As the Census approaches on 9 August, the latest edition of Melbourne University’s longitudinal survey of Household, Income and Labour Dynamics in Australia (HILDA), has been released, showing widening income inequality that is, according to its author, resulting in an ever-decreasing proportion of Australians owning their own homes. Although all of the implications are not immediately clear, the detailed survey of over 17,000 Australians provides some pointers about the trajectory of Australia’s housing mix that are rarely discussed and in many respects, hard to ignore.
Repeatedly, debate in Australia about housing is about the expense of free-standing dwellings and how prices have and are continuing to rise. This is a legitimate debate of course, but it is the rise in house prices, relative to median incomes, that is most important in the ‘home ownership’ debate.
The HILDA author, Professor Roger Wilkins from Melbourne University said in an interview with ABC News, that:
“We’re very soon going to have less than 50 per cent of adults who are home owners on current trends.”
He also commented that there is a widening generational divide, with younger generations seeing their median household wealth declining, while those for older Australians have been growing. This is displayed in the following chart* providing details for 25 to 34 year olds.
Inevitably, especially when coupled with growing house prices, declining median household wealth flows through to the capacity of a family or household to purchase a home. Known as housing affordability, analysing the median house price at the 10th percentile as a ratio of the median household income at the same 10th percentile shows that since 2001, owning a home has become significantly more challenging.

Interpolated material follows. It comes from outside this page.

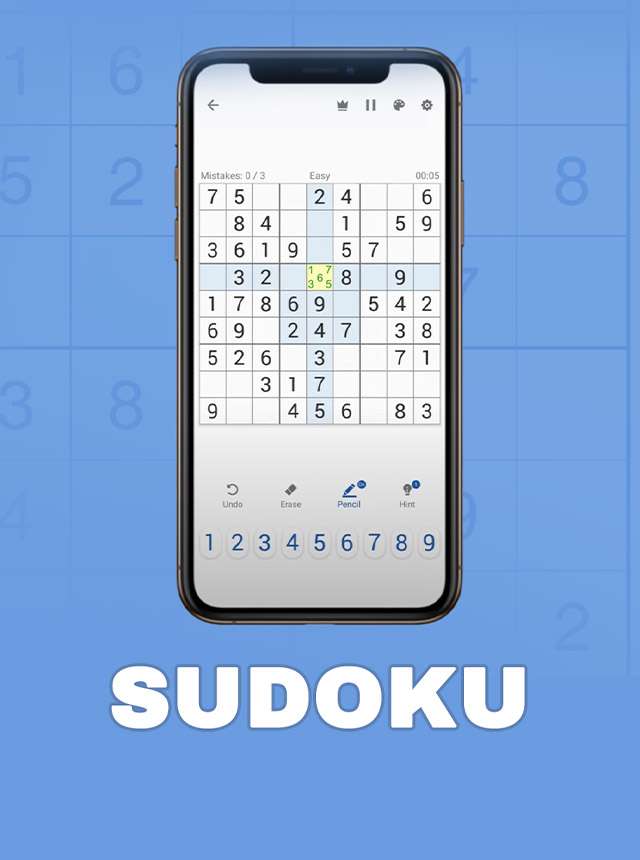 5 Aplicativos de Sudoku para Desafiar sua Mente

In 2001, the 10th percentile house price was 8.2 times 10th percentile income to 12.4 times in 2014, having passed through 14.0 times just prior to the GFC. The chart below provides the details.
As Greg Jericho points out in his analysis published in The Guardian online on 21st July, Australia’s median household income growth compares well with the USA over the period since 2001. The chart below shows the details of the comparison, but it also shows, as does the chart further down, that median household incomes have essentially flat-lined since 2009.
It is this stagnation in median household disposable incomes that plays most strongly into all considerations of inequality, especially with respect to what have been continually and strongly growing housing prices.
What the median income data in HILDA provides is evidence of yet another driver for the investor-fuelled emphasis on apartment developments. The simple fact might be that whether as an owner or a renter, increasingly, an apartment is all that most Australians can afford. For those whose livelihood is directly linked more to the free-standing dwelling market and its future, that may be a sobering thought if the trend continues.